What needs to be done
Only the pictures should be left out; write out all other data exactly.

[Data provided — start]

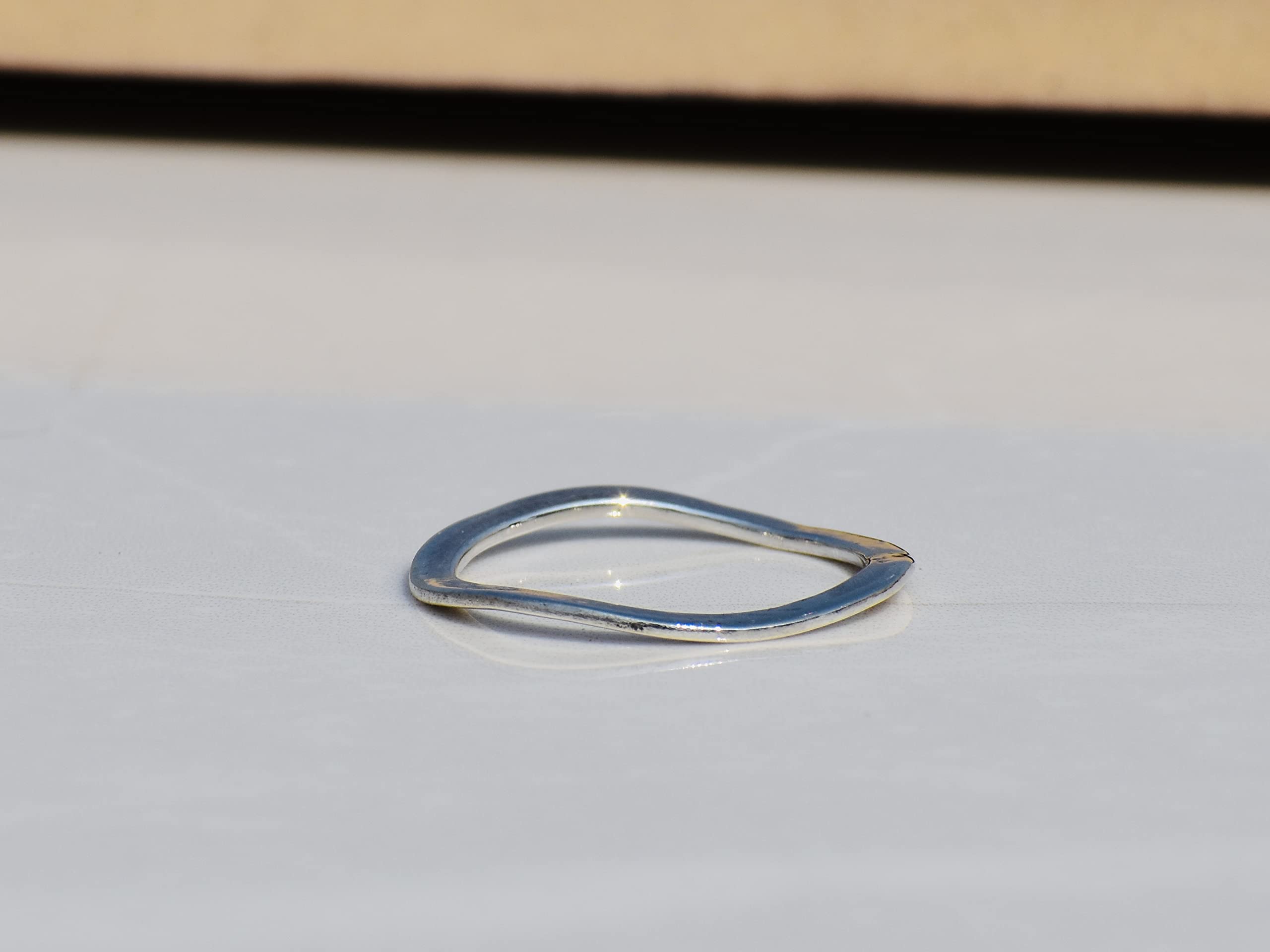 925 Sterling Silver Wave Ring - Thin Stackable Minimalist Ring for Women - Perfect for Everyday Wear, Layering & Boho Style Jewelry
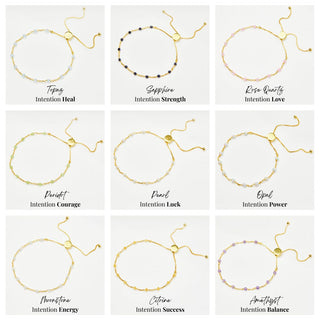 zoe sugg manifestation bracelets in gold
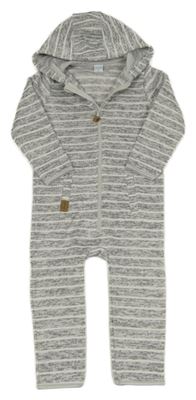 Šedo-bílá pruhovaná melírovaná pletená kombinéza s kapucí 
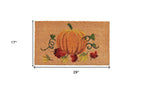 17" X 29" Natural And Orange Pumpkin Outdoor Coir Door Mat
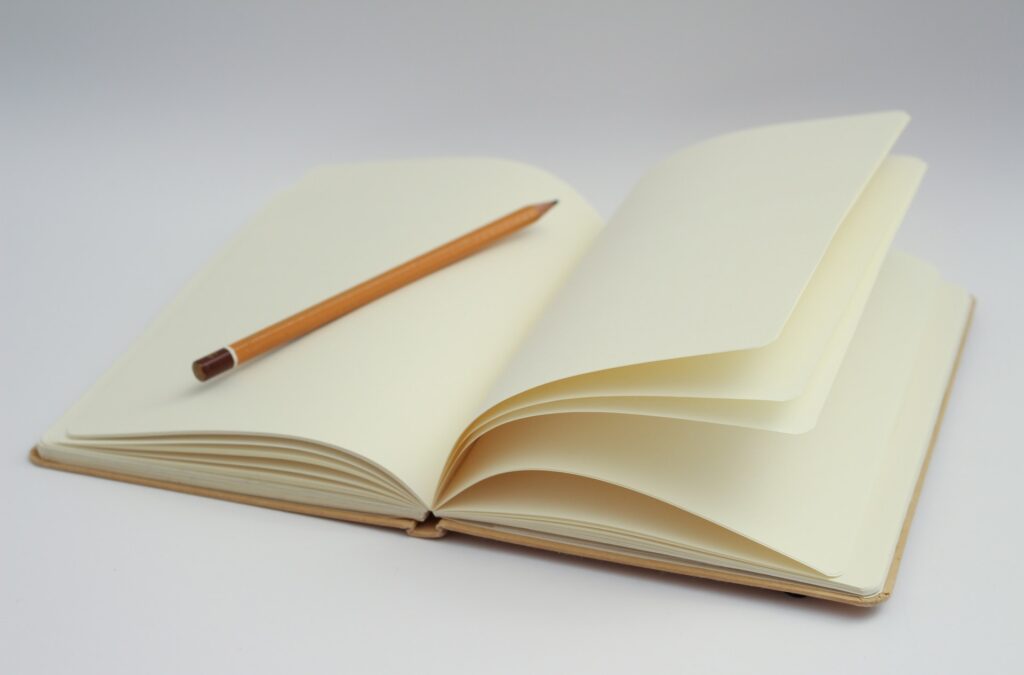 An open notebook with a pencil on top. You have to start somewhere when writing a YA fiction. 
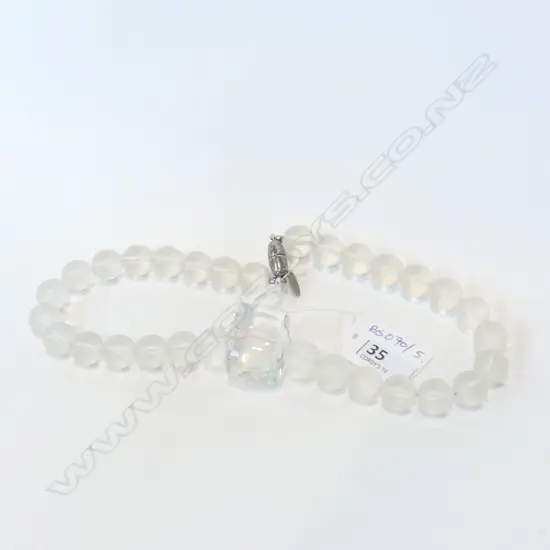 MURANO FROSTED GLASS BEAD NECKLACE 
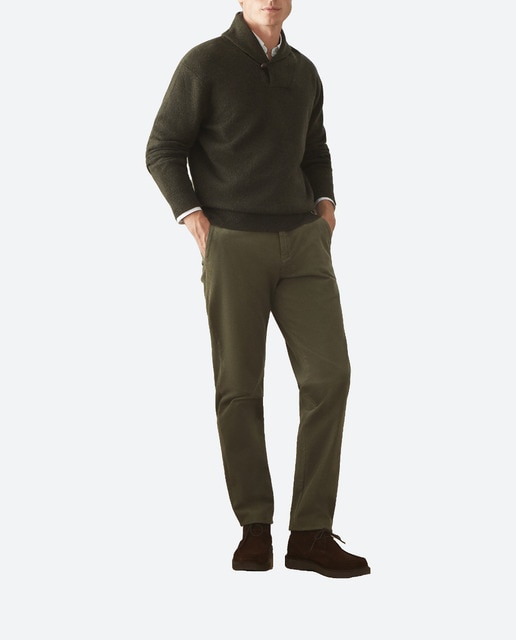 Imagen 0 de Jersey de hombre cuello chal con boton liso 100% lambswool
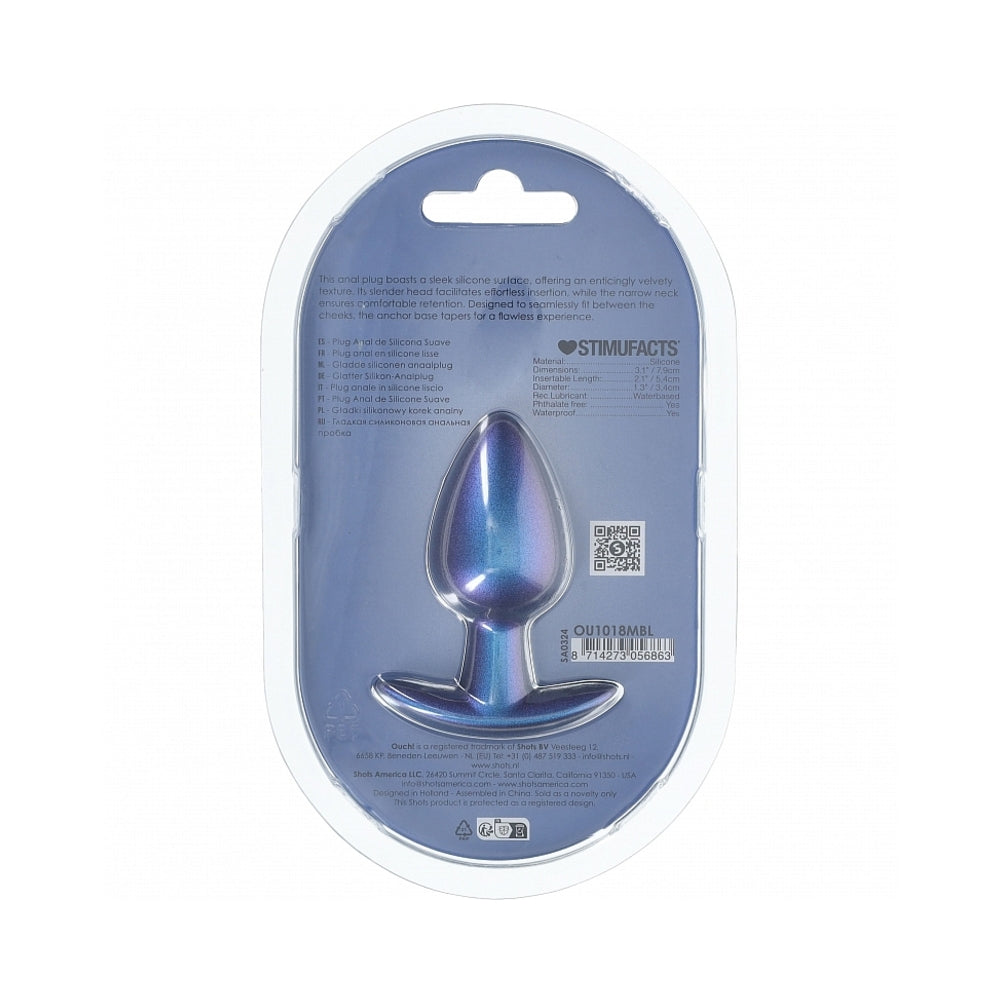 Ouch! Smooth Silicone Anal Plug Medium 3.1 inches Metallic Blue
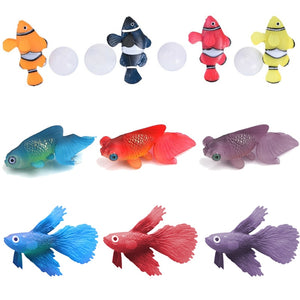 Fluorescent Artificial Fish Toy, Clownfish Rumble Fish Goldfish model toy with suction cup sucker play with fish aquarium tank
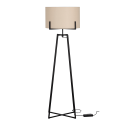 Lampadaire en métal noir et tissu blanc JINX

[Data provided — finish]

Output of the task
 925 Sterling Silver Wave Ring - Thin Stackable Minimalist Ring for Women - Perfect for Everyday Wear, Layering & Boho Style Jewelry
 zoe sugg manifestation bracelets in gold
 Šedo-bílá pruhovaná melírovaná pletená kombinéza s kapucí 
 17" X 29" Natural And Orange Pumpkin Outdoor Coir Door Mat
 An open notebook with a pencil on top. You have to start somewhere when writing a YA fiction. 
 MURANO FROSTED GLASS BEAD NECKLACE 
 Imagen 0 de Jersey de hombre cuello chal con boton liso 100% lambswool
 Ouch! Smooth Silicone Anal Plug Medium 3.1 inches Metallic Blue
 Fluorescent Artificial Fish Toy, Clownfish Rumble Fish Goldfish model toy with suction cup sucker play with fish aquarium tank
 Lampadaire en métal noir et tissu blanc JINX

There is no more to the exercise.